(Records from a data collection)
_ _ _ _ _
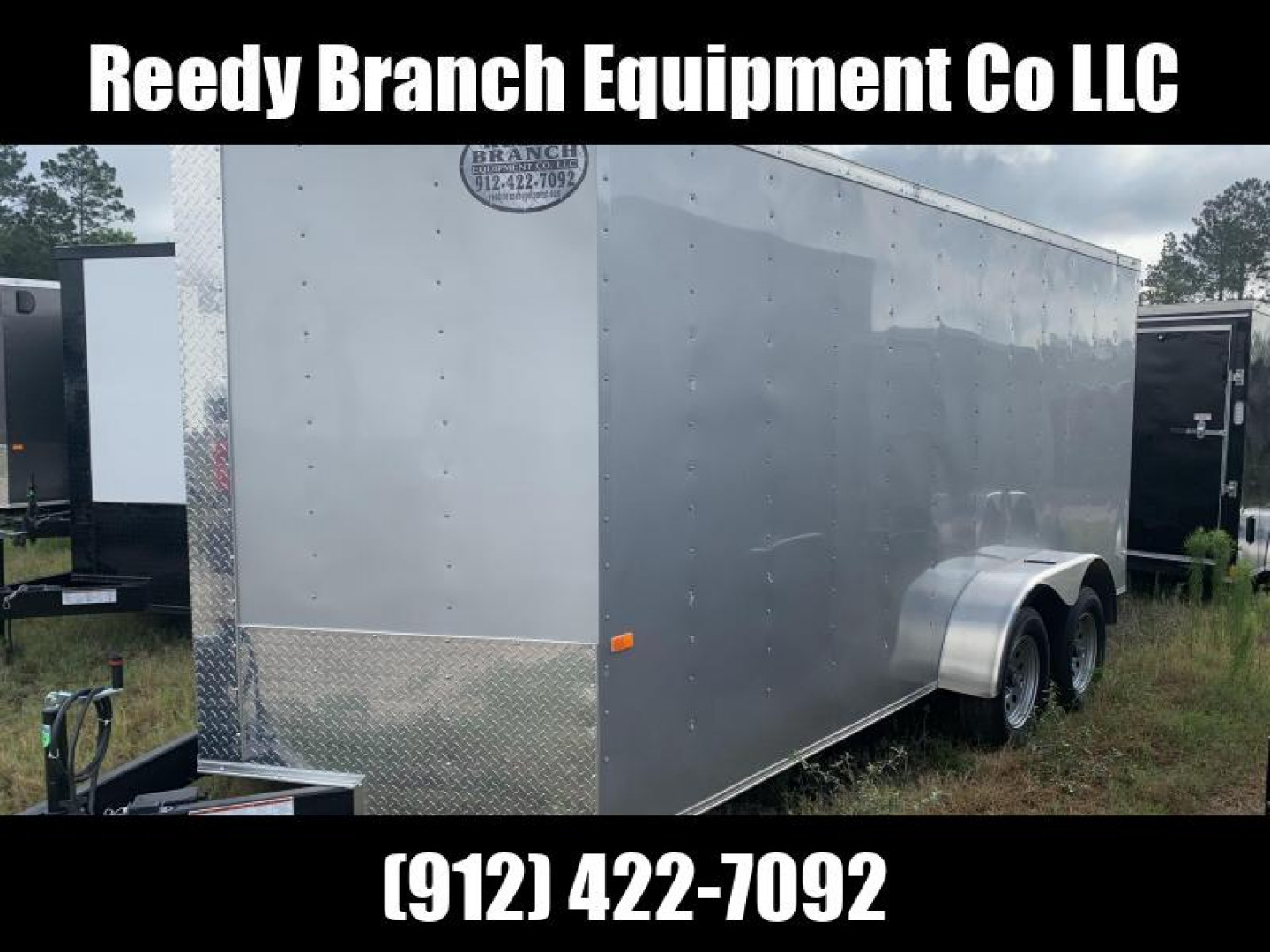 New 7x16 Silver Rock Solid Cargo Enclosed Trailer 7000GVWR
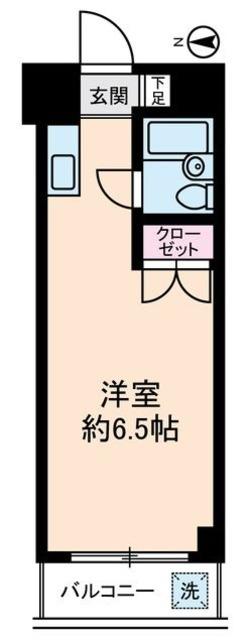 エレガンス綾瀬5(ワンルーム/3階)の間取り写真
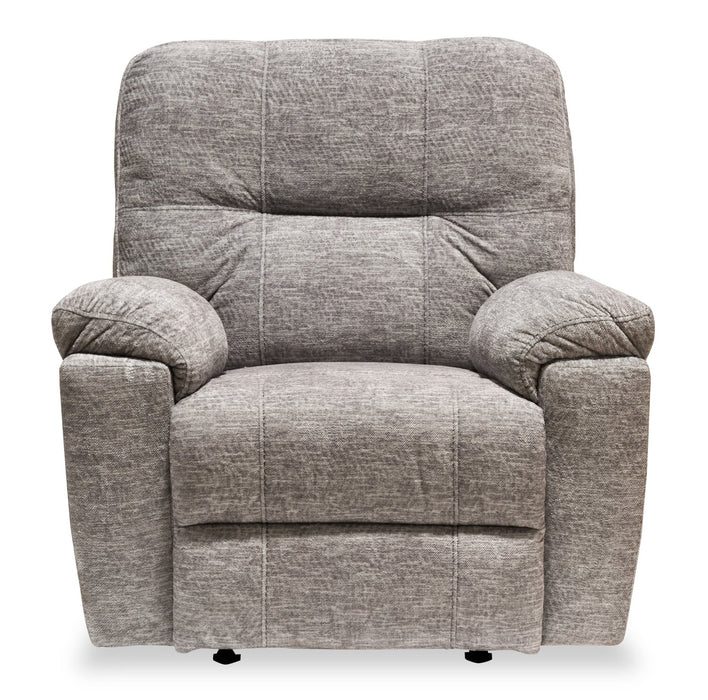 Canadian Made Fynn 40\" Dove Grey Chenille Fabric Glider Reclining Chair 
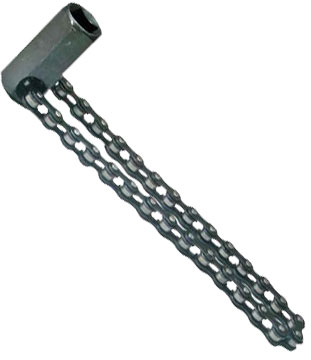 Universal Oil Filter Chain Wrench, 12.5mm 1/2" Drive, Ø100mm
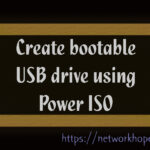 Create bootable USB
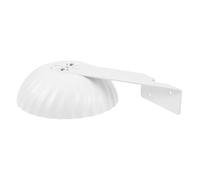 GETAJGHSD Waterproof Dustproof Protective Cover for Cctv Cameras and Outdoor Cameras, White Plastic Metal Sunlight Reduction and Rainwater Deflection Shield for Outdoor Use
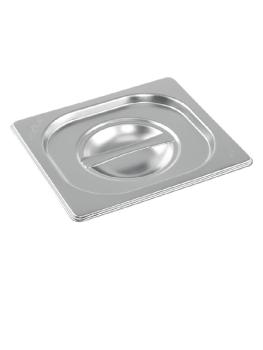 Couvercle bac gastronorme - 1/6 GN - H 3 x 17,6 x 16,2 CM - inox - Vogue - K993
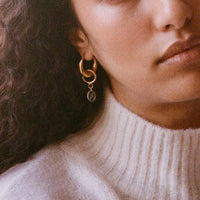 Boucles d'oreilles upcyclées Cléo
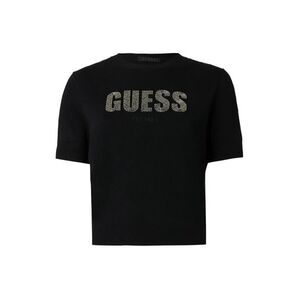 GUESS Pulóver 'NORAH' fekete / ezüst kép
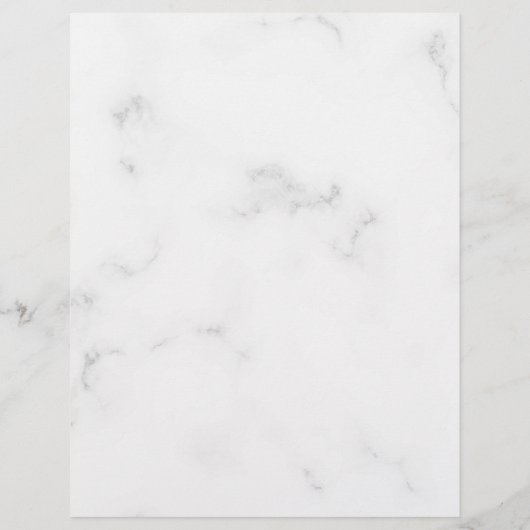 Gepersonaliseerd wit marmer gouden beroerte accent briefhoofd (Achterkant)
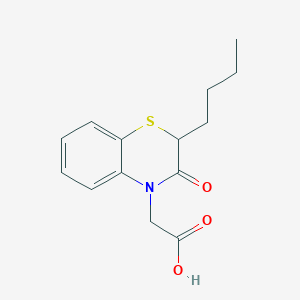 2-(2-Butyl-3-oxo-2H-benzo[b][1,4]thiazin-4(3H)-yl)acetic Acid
_ _ _ _ _
- Task to complete:
Word for word, restate the lines from the line containing "Boucles d'oreilles upcyclées Cléo" through the end of the data, including the first and last of them. Pictures stay out.

- Response to the exercise:
 Boucles d'oreilles upcyclées Cléo
 GUESS Pulóver 'NORAH' fekete / ezüst kép
 Gepersonaliseerd wit marmer gouden beroerte accent briefhoofd (Achterkant)
 2-(2-Butyl-3-oxo-2H-benzo[b][1,4]thiazin-4(3H)-yl)acetic Acid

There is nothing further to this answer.